**TO DO**
All lines from the one containing "Saddlemen Carry All" through the final line of the records below should be reproduced exactly, with the pictures left out.
DATASET ENTRIES START
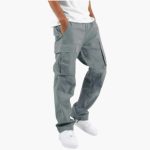 Wide Cargo Pants for Men - Comfortable Fit with Pockets - Image 10
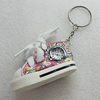 Key Chain With Watch, Shoes 74x35x40mm, Sold by PC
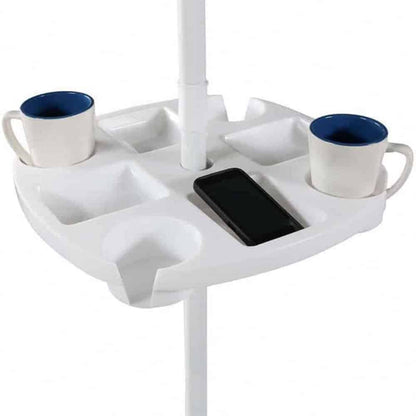 Beach Pool Patio Garden Umbrella Table Snack Cup Holder Tray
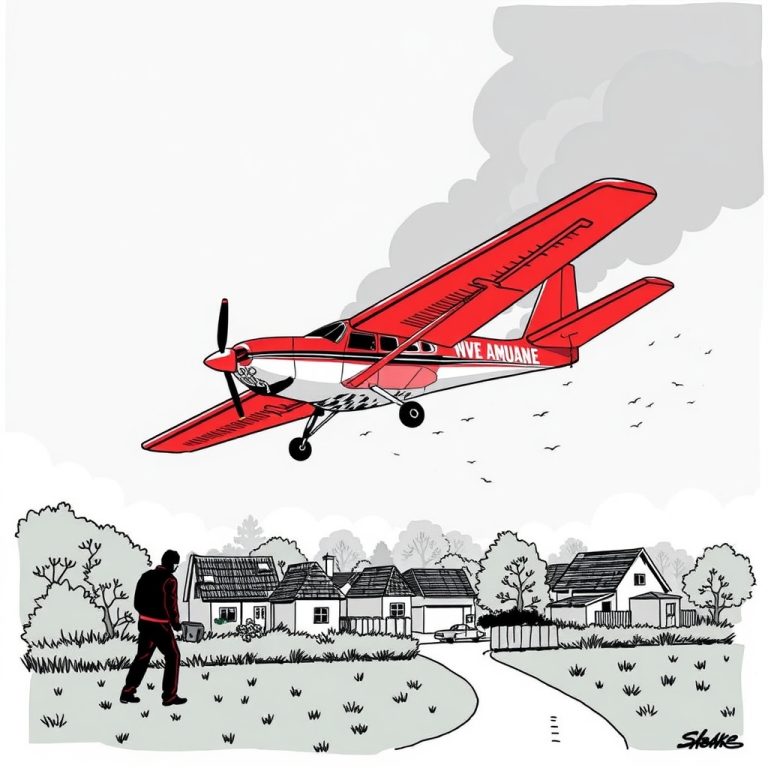 Tragedy in the Skies: Eleven Killed as Skydiving Plane Crashes Near French Residential Area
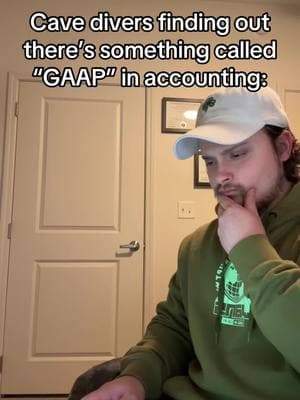 Can easily squeeze thru there #accounting #finance #cpa #exam #student #big4 #public #study #financial #statements #balance #sheet #income #statement #cash #excel #theaccountingrapper #cave #cavediver #caver 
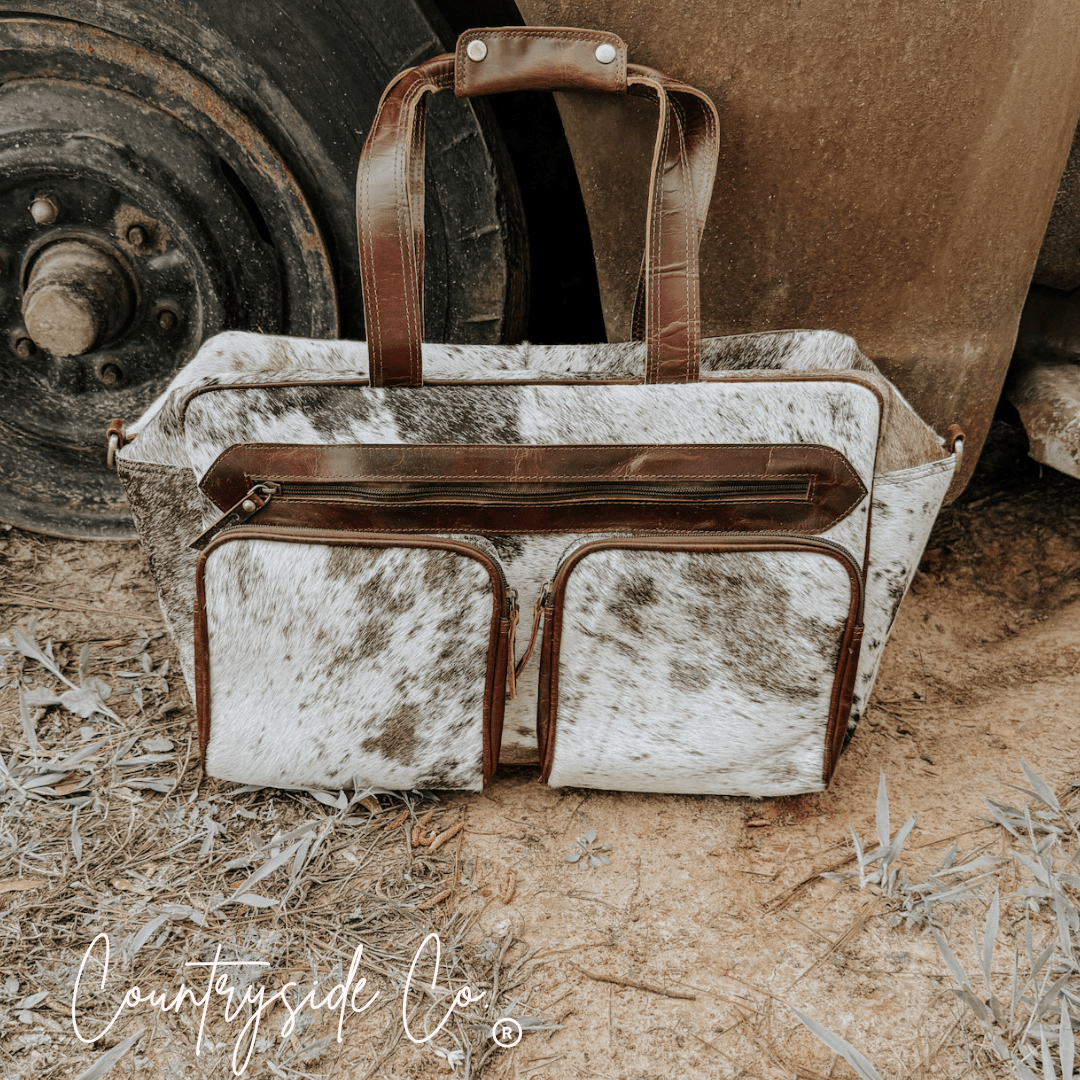 Saddlemen Carry All Cowhide Duffle Travel Bag - Rustic Avenue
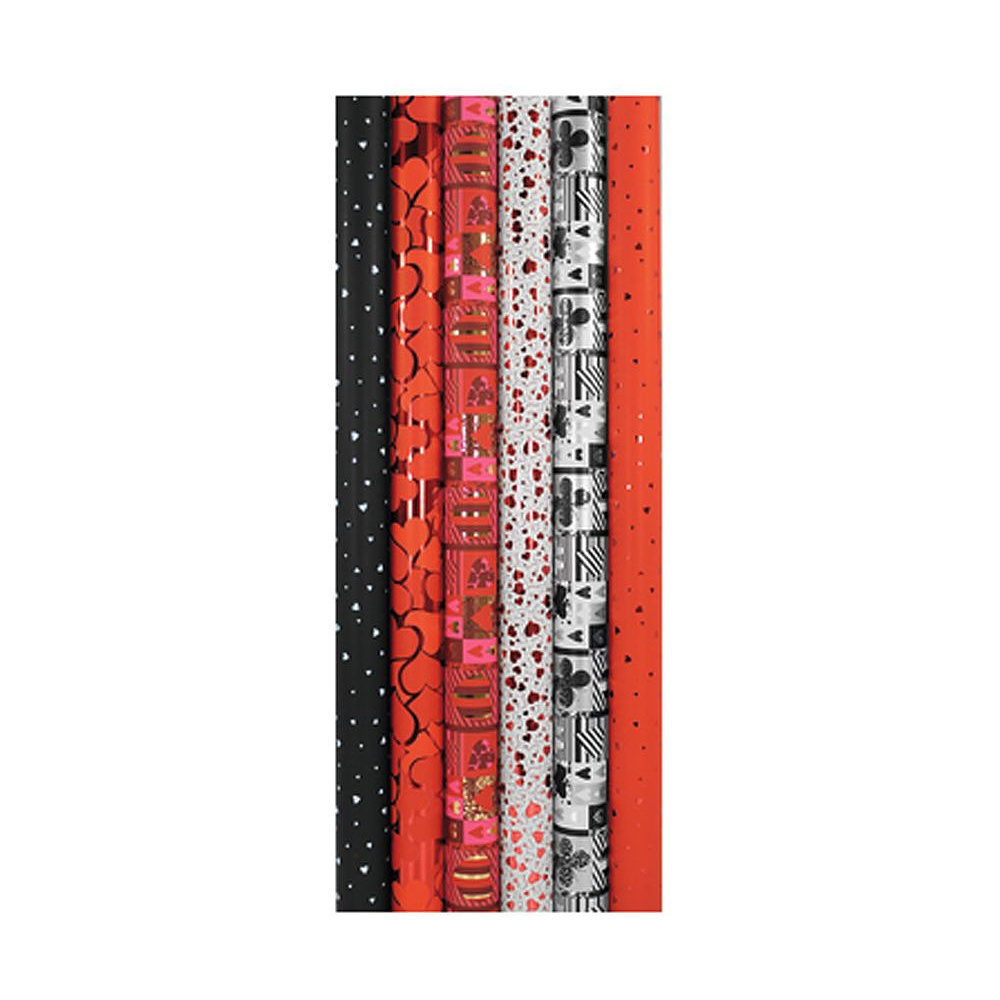 Бумага декоративная в рулоне "Premium. Love", 2x0.7 м, 80 г/м2, ассорти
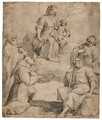 The Virgin And Child In Glory With St. Francis, St. Agnes, A Pilgrim Saint And A Bishop Saint - Giovanni Battista (Il Malosso) Trotti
DATASET ENTRIES END
**RESPONSE TO THIS EXERCISE**
 Saddlemen Carry All Cowhide Duffle Travel Bag - Rustic Avenue
 Бумага декоративная в рулоне "Premium. Love", 2x0.7 м, 80 г/м2, ассорти
 The Virgin And Child In Glory With St. Francis, St. Agnes, A Pilgrim Saint And A Bishop Saint - Giovanni Battista (Il Malosso) Trotti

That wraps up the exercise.